We’re running Open OnDemand 1.7 with slurm.

Occasionally we get users reporting their interactive jobs are no longer available/listed in the portal. The job is still running in slurm and you can see the jobid in the job tracker.

We’ve found that when this happens, the interactive job data is missing from:
~USERNAME/ondemand/data/sys/dashboard/batch_connect/db

We can see files for other jobs in there, but the “missing” jobs have no matching entry in there.

How does that directory get managed? My supposition is that at some point, the user web-server process is reaped, and when they return, maybe slurm is slow to respond and so something partially cleans the directory… Does that sound plausible? Or is there something else in play here?

Thanks

We would like to know about this, also, as we’ve seen something
similar here, also with Slurm, and I believe we saw it with both Open
OnDemand 1.6 and 1.7.

Is this happening to any specific interactive app jobs? What I’m trying to say is, is there a pattern for certain interactive jobs?

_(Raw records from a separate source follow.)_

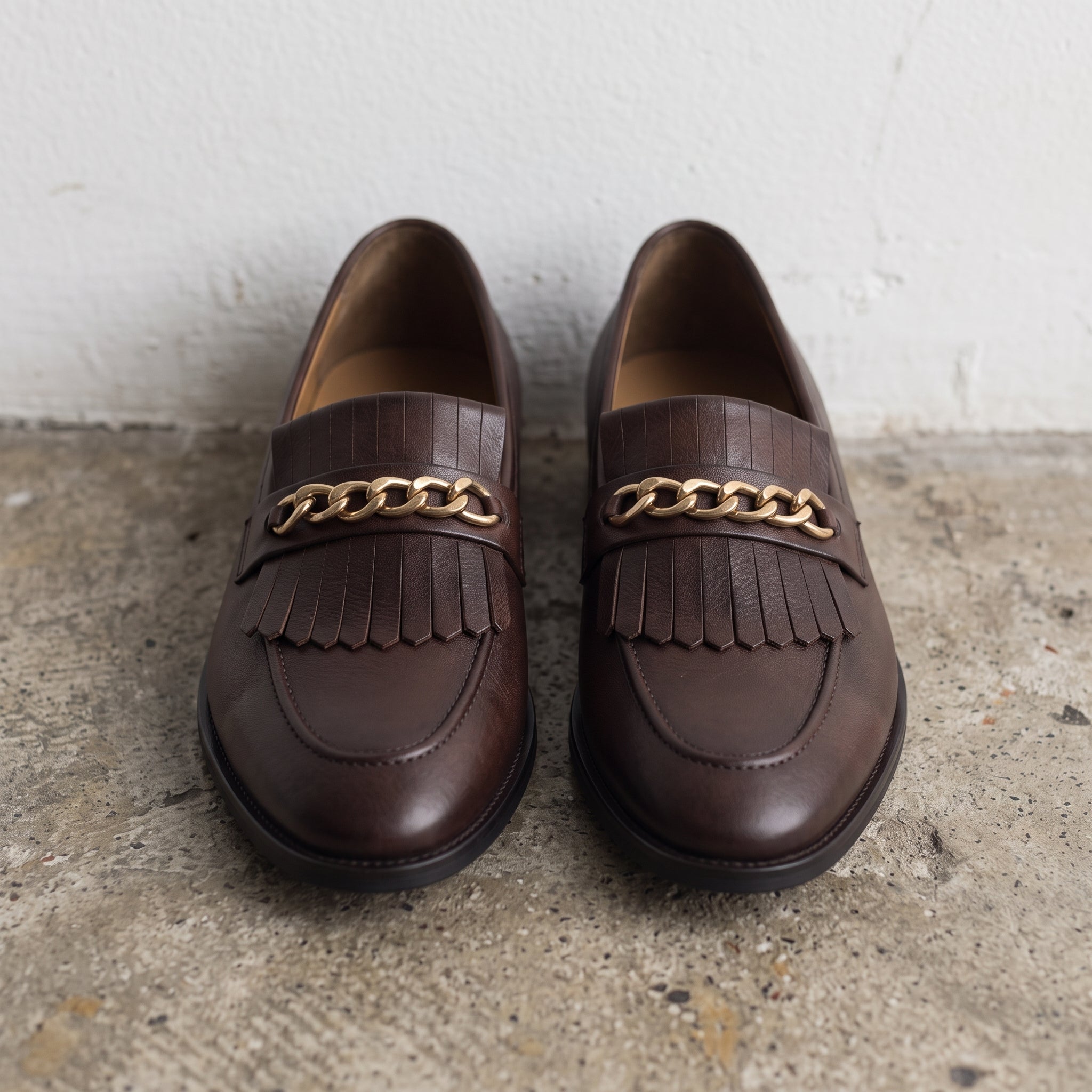 Men's Dark Brown Fringe Leather Loafers — Apsley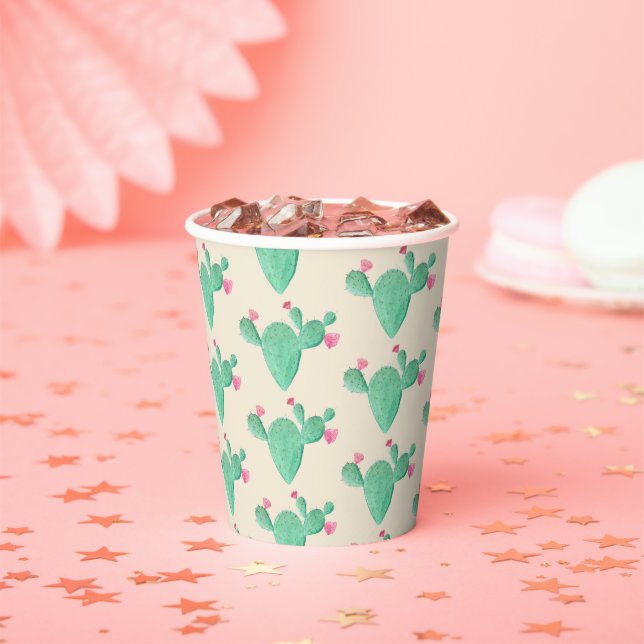 Gobelets En Papier Lancement de mariage au cactus à l'aquarelle (Insitu)
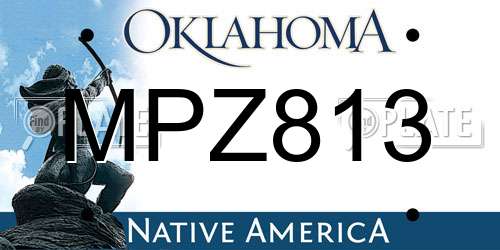 MPZ813 Oklahoma License Plate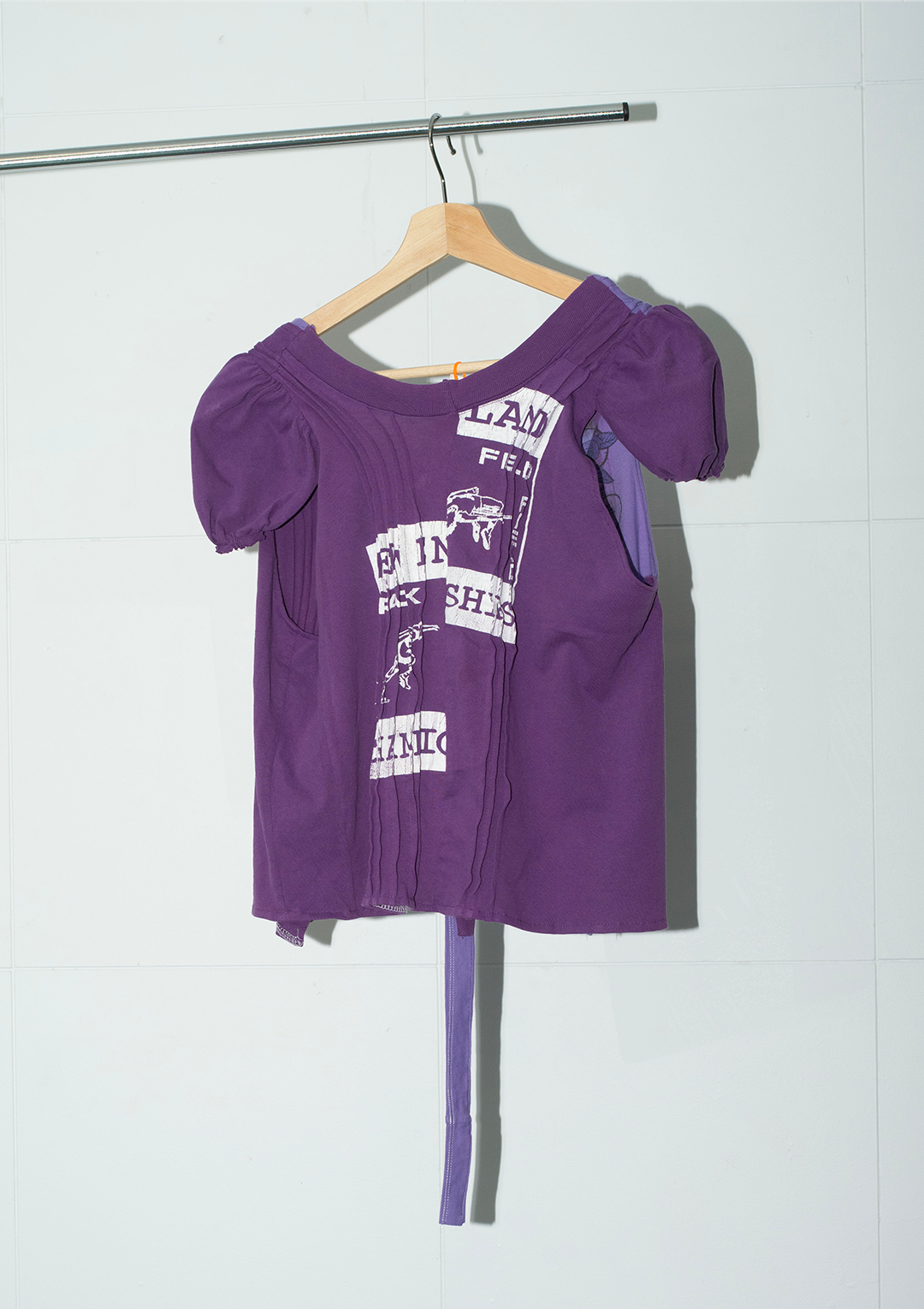 Tie-Back Patchwork T-shirt Top - Purple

This sounds like a bug with the Slurm adapter. Perhaps it is https://github.com/OSC/ood_core/issues/149. The code that is used to check the status of the job is https://github.com/OSC/ood_core/blob/5e24c28d1a2d5801335fc2a00e51f31fe2e122e2/lib/ood_core/job/adapters/slurm.rb#L456-L474. Essentially it boils down to:

  1. Call squeue with the job id as the argument
  2. If no job data is returned and the exit status is 0, assume job is completed
  3. If exit status is not 0 and output message contains the text “Invalid job id specified”, assume job is completed

It is likely there are edge cases where the above algorithm produces a “completed state” for a job that has not actually completed. In 1.6 and 1.7, the card would then disappear, but the job would still be running, as you report. In 1.8, the card would stick around for debugging purposes, but display as “completed” and not change back to the “running state”.

Do you have recommendations for a better algorithm to determine the completed state of a job? In https://github.com/OSC/ood_core/issues/149 @jeff.ohrstrom recommends maybe we need to assume if there is anything standard error we treat it as an error, even if the exit status is 0. Right now if exit status is 0 we ignore anything in stderr:

  o, e, s = Open3.capture3(env, cmd, *(args.map(&:to_s)), stdin_data: stdin.to_s)
  s.success? ? o : raise(Error, e)
end

Hmm… I think in our case mostly Matlab, though I haven’t dug into all the tickets we’d had internally.

Yes, I could believe it might be related to this issue. I know from parsing some of the other slurm info in some internal tooling, its not exactly easy.

Maybe the REST API for slurm would make this easier, but that would require substantial reworking I suspect!

Thanks for the pointers, will see if we can obtain some more debug data from squeue. This might be tricky if its transient timeouts though.

We haven’t noticed a pattern as far as applications. I think we have
seen this with Matlab, Rstudio, Jupyter, and with Remote Desktop,
which is pretty much everything we have.

We have seen timeouts with Slurm commands, and I am not sure where we
are with resolving those. The period during which the timeouts occur
is usually short, only a few minutes, then Slurm starts responding
again. If OOD is polling during one of those short outages, then that
would be quite plausible as an explanation.